Given material:
::::::::::
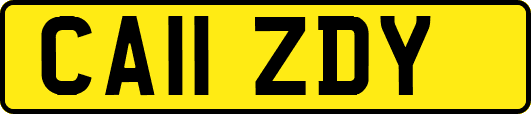 CA11ZDY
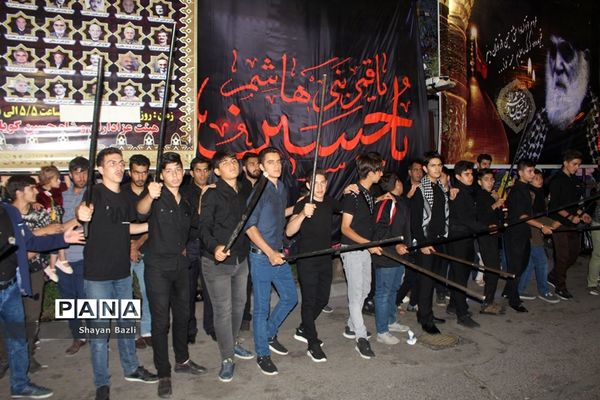 مراسم شاه حسین گویان در تبریز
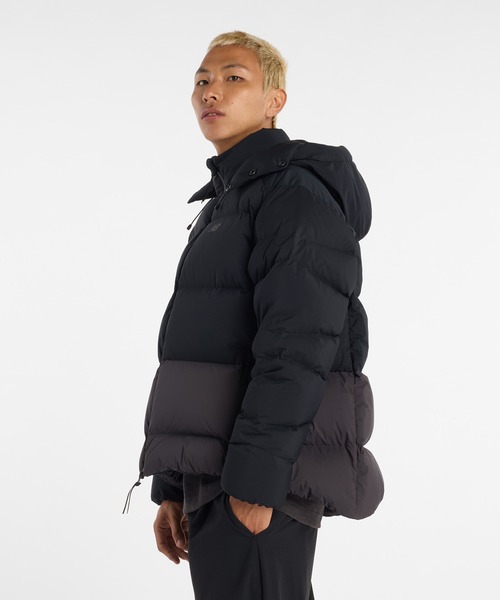 New Balance（ニューバランス） ダウンジャケット ダウン NB GREY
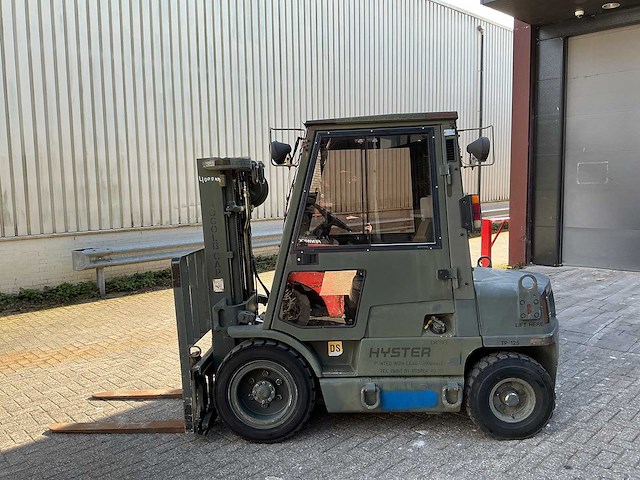 Hyster - h40xm - forklift trucks - afbeelding 6 van  13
::::::::::
The task: Only those lines from the one containing "مراسم شاه حسین گویان در تبریز" to the end of the material above, retyped exactly and without pictures, belong in your reply.

Answer to the problem:
 مراسم شاه حسین گویان در تبریز
 New Balance（ニューバランス） ダウンジャケット ダウン NB GREY
 Hyster - h40xm - forklift trucks - afbeelding 6 van  13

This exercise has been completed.